Lara stara się uratować firmę ojca, pomóc przyjaciółce i pogodzić się z tym, że jej brat i ojciec nie żyją. Osiem miesięcy, a tak bardzo jej życie się wywróciło do góry nogami, ale nie wiedziała, że to był tylko przedsmak tego, co dopiero, miało nadejść i pokazać jej w jak wielkim kłamstwie żyła. Już niebawem pozna zupełnie inne oblicza świata. To niebezpieczne, brutalne, w którym płynie krew. Ale zanim to nastąpi, pozna Lovro. Adwokata, który posiada, drugie obliczę, a dla osób, które kocha, zrobi wszystko. Już przy pierwszym spotkaniu oboje czują iskry i fascynację sobą. Żaden z nich do tej pory nie doświadczyło czegoś takiego. Tylko właśnie w tamtym momencie uruchomili lawinę zdarzeń i podjęli grę na śmierć i życie. Kto ją wygra, a kto poniesie największą ofiarę? Co zrobi Lara, gdy pozna prawdę?
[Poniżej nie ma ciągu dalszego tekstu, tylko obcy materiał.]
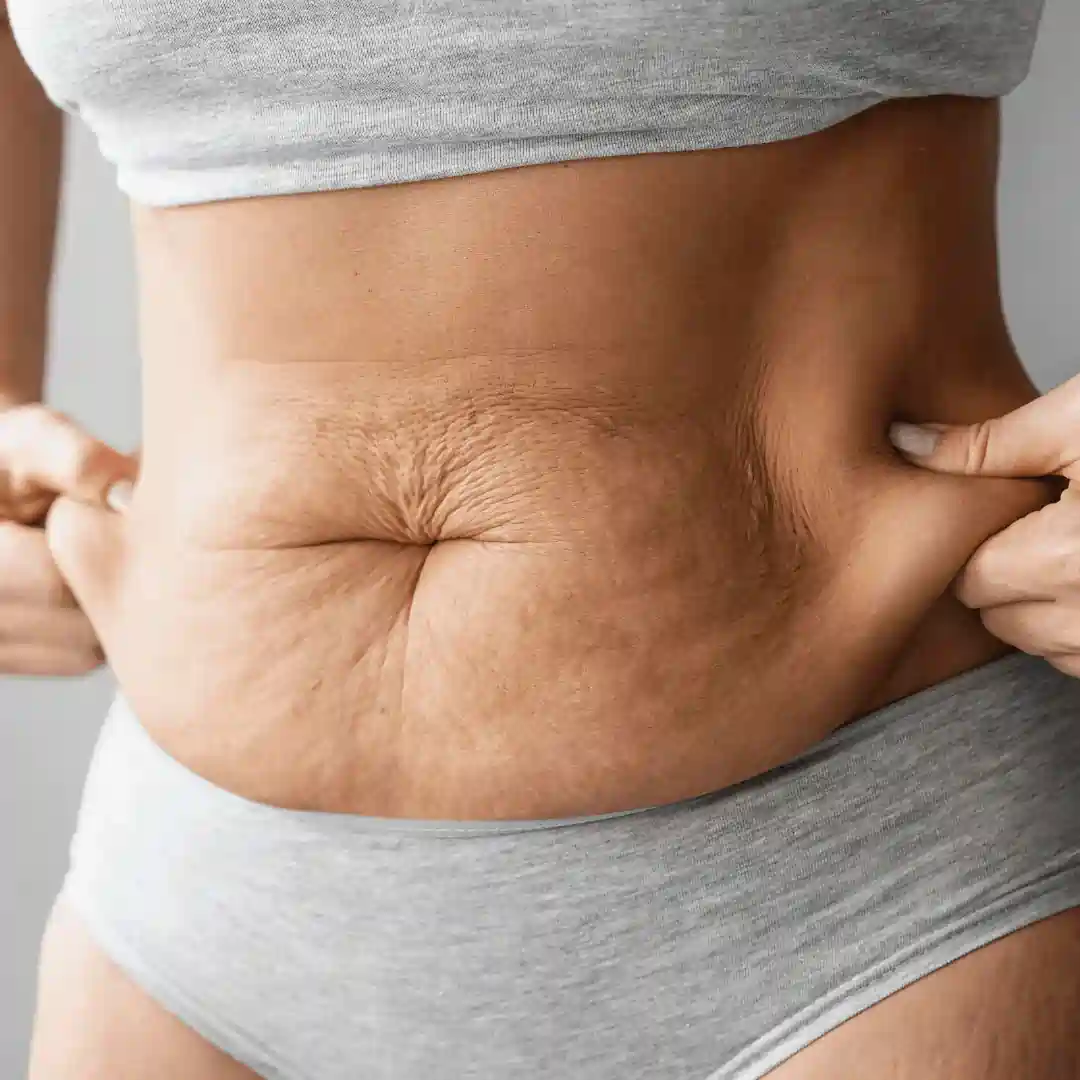 Is It Normal to Have Loose Skin After Pregnancy Littlehampton?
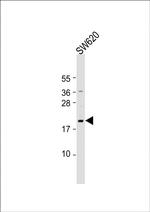 NUDT15 Antibody in Western Blot (WB)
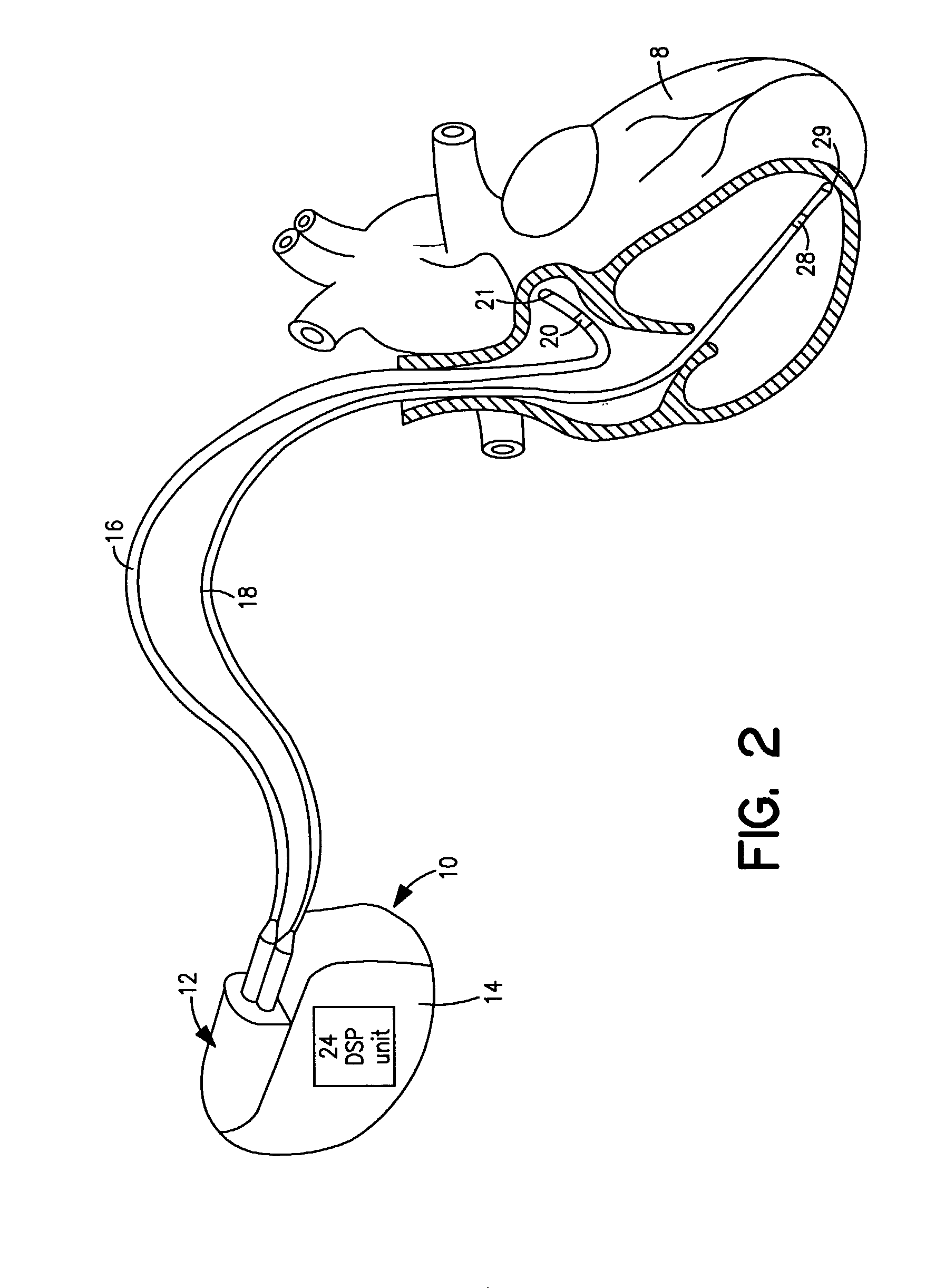 Method and system for compressing and storing data in a medical device having limited storage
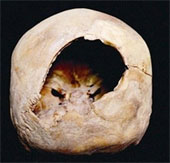Brain surgery can take place 3,000 years ago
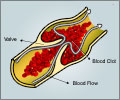 Blood Clots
Uwielbiam romanse mafijne, zajmują one większą część moich półek. Lubię również sięgać po debiuty. I mogę śmiało stwierdzić, że „Dopóki oddycham. Lovro” to jeden z najlepszych debiutów, jaki wpadł w moje ręce w tym roku. Od pierwszej strony zostałam wciągnięta w ten wyjątkowy świat, jaki stworzyła autorka, a im dalej byłam, tym robiło się coraz lepiej i lepiej. Przepadłam w niej. Zakochałam się, a Lovro stał się moim kolejnym książkowym mężem. Wciągająca, zaskakująca, pełna akcji, brutalna, ale i przepełniona humorem, pożądaniem, ogniem i namiętnością. Ten romans mafijny zapewnił mi wszystko, co uwielbiam, a czytanie go było czystą przyjemnością. Autorka stworzyła wciągającą fabułę, która potrafi zaskoczyć i trzyma w napięciu do samego końca. Wszystko jest idealnie przemyślane i idealnie do siebie dopasowane, do tego autorka ma lekki styl pisania. Poza tym wykreowała bohaterów tak genialnie, że od samego początku ich polubiłam. Posiadają charakterki, które tylko dodają tej iskry w takich książkach. A jego brat Neven, ten gagatek również zawrócił mi w głowie. Tajemnice, kłamstwa, intrygi, emocje, strach, krew, przyjaźń, zemsta, rodzina, miłość, docinki słowne i dogryzanie. Tym jest przesiąknięta każda kartka tej książki i tym, co wcześniej już wymieniłam. Raz się uśmiechałam, by za chwilę gryźć paznokcie z niepokoju albo dać się porwać gorącym scenom. Więc jeśli lubicie takie klimaty, to gorąco polecam wam tę pozycję i czekam z niecierpliwością na ciąg dalszy.